Windows 10 Backup and Recovery Tools
Windows 10 has many new backup and recovery features.
There’s a PC Reset that allows you to restore Windows 10 while keeping your files, or even downgrade to your previous version of Windows (within the first 30 days of upgrading).
There is the Advanced Recovery environment which provides tools like System Restore, System Image Recovery, Startup Repair, Selective Startup, and a command prompt for advanced troubleshooting. You can access Advanced Options by holding down the Shift Key and clicking Restart.
You can also access the Advanced Options environment by creating Windows 10 recovery drive.
In addition to making a System Image, there is File History that can be configured to automatically back up your most important files to a separate drive or network location.
If you haven’t upgraded your Windows PC to Windows 10 yet, make sure you back up your data first, and with that, you might want to create a system image.
Creating a Partition
Now that you have a backup of all your data, you need to create another partition to install Windows 10 or the other operating system on.
Windows 7 and Windows Vista users may refer to the Microsoft article below:
Windows 8 users may try the following methods:
- Press Windows + R while on the desktop screen.
- Type diskmgmt.msc and hit OK.
- If you have ‘Unallocated Space’, right click on it to create a new partition or right click on the primary partition (or the partition you want to take out space from) and click on Shrink Volume.
- Input the size you want to keep for the new partition and follow the prompts to assign it a drive letter and finish creating a partition.
- Once you have Un-Allocated space, follow the instructions from step 3 in the section ” To create and format a new partition” mentioned in this article.
Keep in mind the disk space for applications, page file, drivers, and accumulation of data over time, while creating a partition. I’d suggest you to go with a minimum 60 to 100 GBs of space for Windows 10 testing.
Download Windows 10 ISO from Microsoft and create Media for installation
Start the Installation
Below we describe the standard way to start the installation, useful especially if you are dual booting a 64-bit version of Windows 10 alongside a 32-bit version of Windows.

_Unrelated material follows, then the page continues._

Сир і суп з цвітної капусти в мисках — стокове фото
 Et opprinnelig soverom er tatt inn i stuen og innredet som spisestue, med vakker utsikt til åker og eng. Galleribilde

If you need to know more about the difference between the two versions and their compatibility, consider visiting our guide explaining it all:
Another way is to start the installation from within a running version Windows and select the partition where you would like to install Windows 10. See below for further instructions how to do so.
When you arrive at this screen, click Custom install Windows only (advanced).

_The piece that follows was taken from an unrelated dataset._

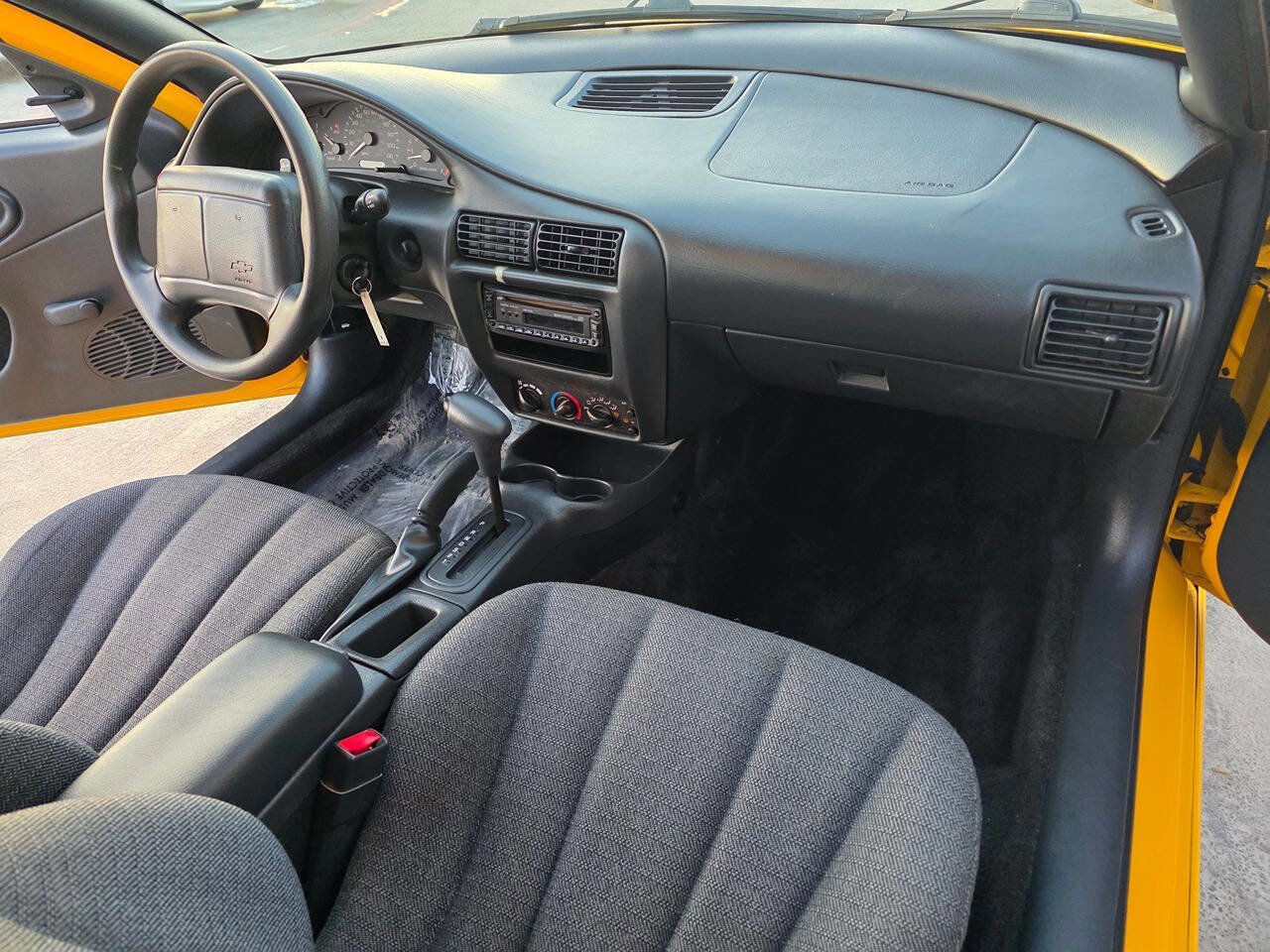 Used 2002 Chevrolet Cavalier Base 2dr Coupe w/ Preferred Equipment Group 1 image 18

Select the partition, click Next and wait while Windows installs.
Starting the Installation from Within a Running Version Windows
Please note, this only works for Windows 7 and Windows 8/8.1.
If you run the normal setup routine from within a running version of Windows, Windows 10 setup does not give you an option to perform a custom install. A quick workaround for this is to launch the classic setup routine. After inserting your Windows 10 installation media, browse it:
Open the Sources folder. Then double-click the Setup.exe file. There are multiple files listed with setup in the name, so make sure to select the one with only setup. Then go through the installation process.
When you have finally set up Windows 10 on your system, each time you start your computer, you will be given the option to choose which operating system you would like to Start.